I laughed when I saw the pictures. I felt a furious joy when imagining how much he would hate them. I felt good about him being publicly humiliated. I thought the statement from the NYC parks department was brilliant. I still do.

“NYC parks stands firmly against any unpermitted erection in city parks, no matter how small.”

Then, I read a status update from a friend on Facebook who made the point that publicly humiliating a person and body shaming them was wrong.

Goddammit so much. She is right.

I rail against body shaming. I call people out for fat shaming. I celebrate when humans are accepted and regarded as beautiful regardless of their size or age.

If I abhor body shaming, then I have to abhor it. I can’t just abhor it for people I like.

I find publicly humiliating people to be reprehensible and low brow. If I dislike public shaming, then I can’t suddenly find it acceptable just because the person being humiliated makes me want to vomit.

If there is any chance that we can fix what is fractured in this country, fighting back with ugliness isn’t it. If there is any way to stop the hatred that has had a huge ugly spotlight shining on it, I don’t believe the way is to counter with hatred, humiliation, and shaming.

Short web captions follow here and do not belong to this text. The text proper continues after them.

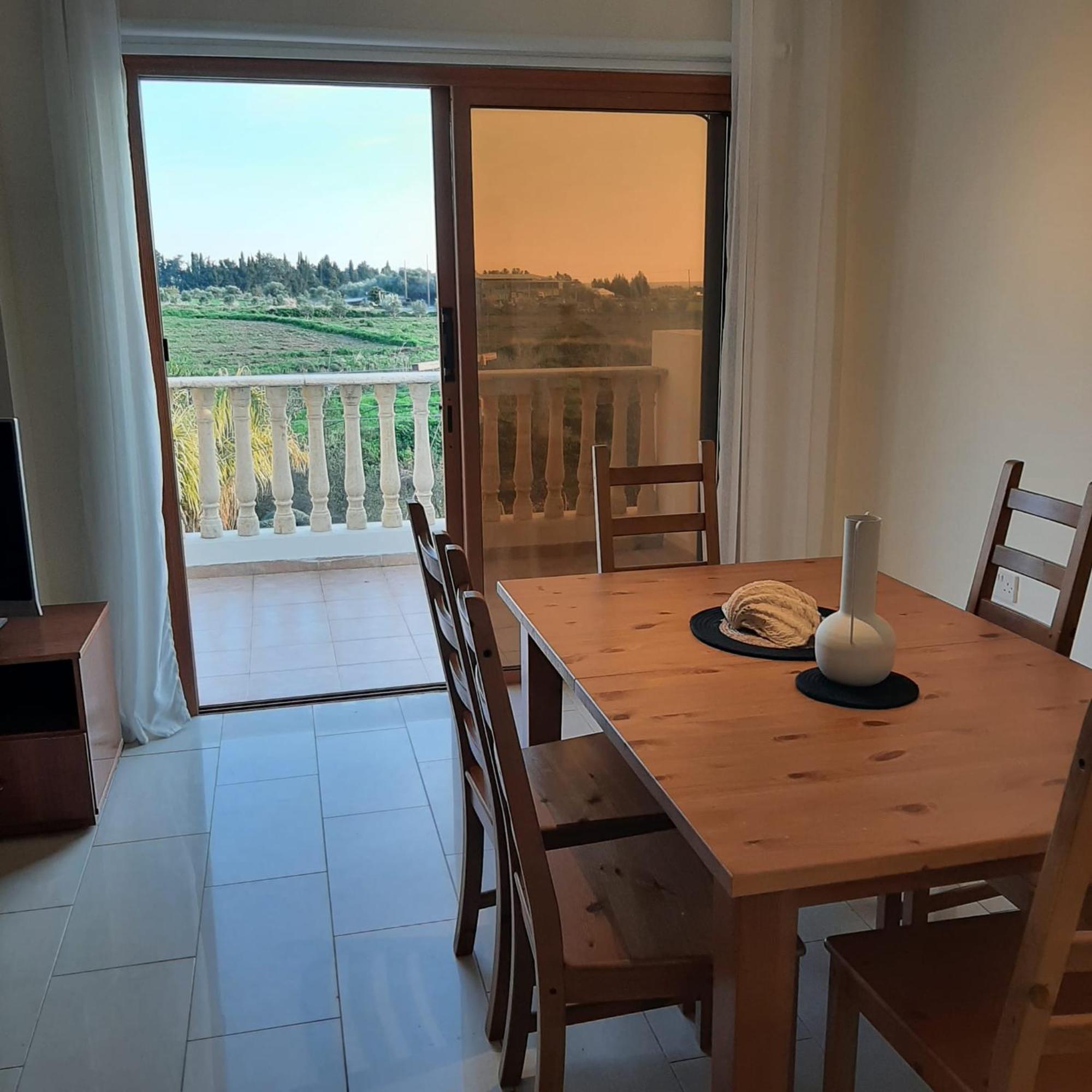 Apartment Marlen's Place Near Airport Paphos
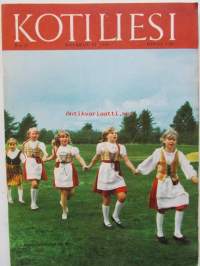 Kotiliesi 1965 nr 12  kesäkuu 1965. Kannessa tyttöjä kansallispuvuissaan. -mm. Sinikelloniityn pikkuinen Pompom, älkää sanoko meitä suomalaissälleiksi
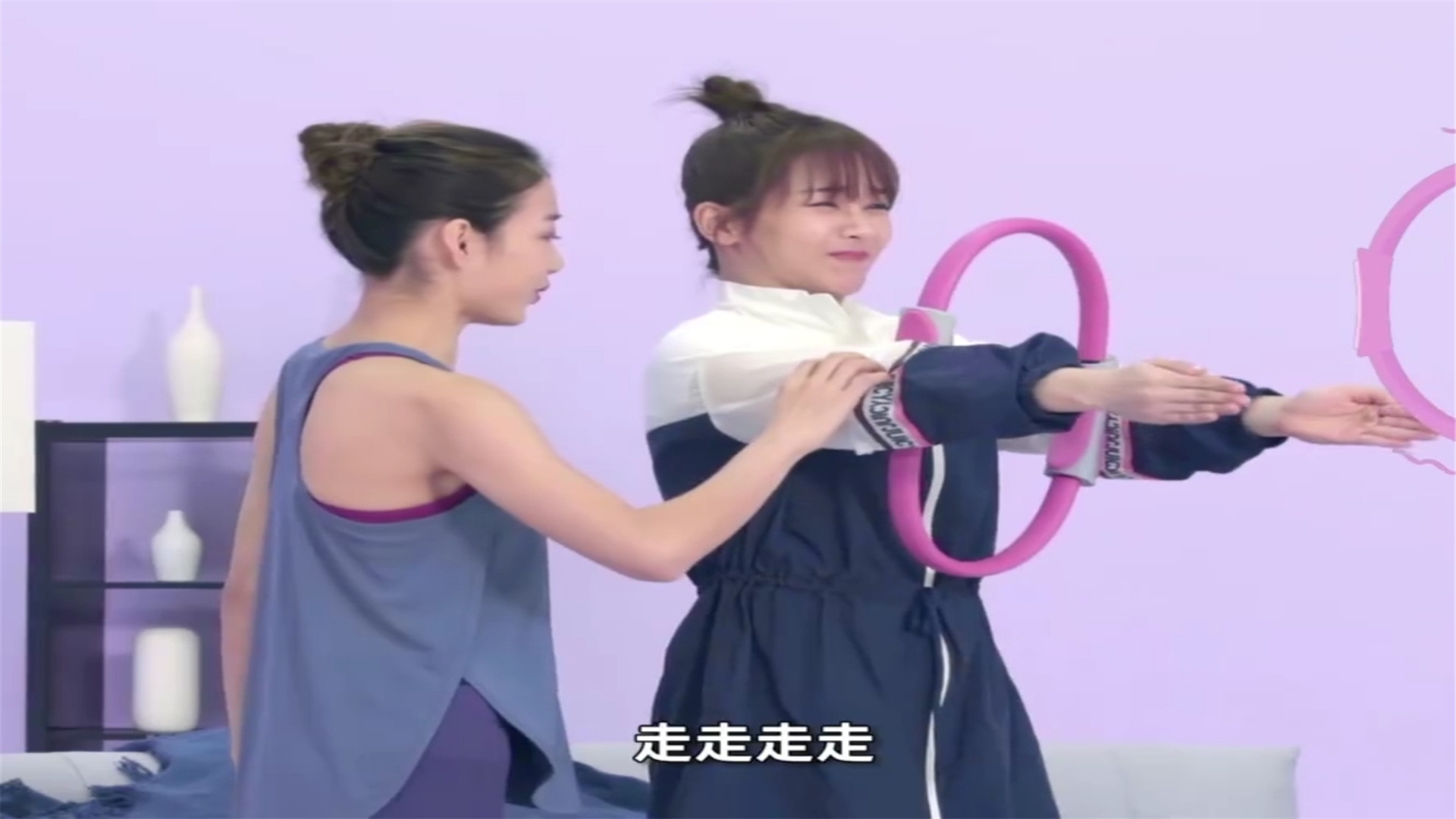 杨紫来大姨妈肚子疼的电视剧,杨紫被拍在家练瑜伽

I can continue to loathe Trump. I can celebrate when he loses the presidential election. For all that is fucking holy, he MUST lose. Please vote. I can hope he loses in a big way. I do hope he loses in a big way. I hope he gets stomped into the ground and has no recourse but to admit that most people in this country reject his divisiveness and hatefulness. But I can’t celebrate those nude statues of him.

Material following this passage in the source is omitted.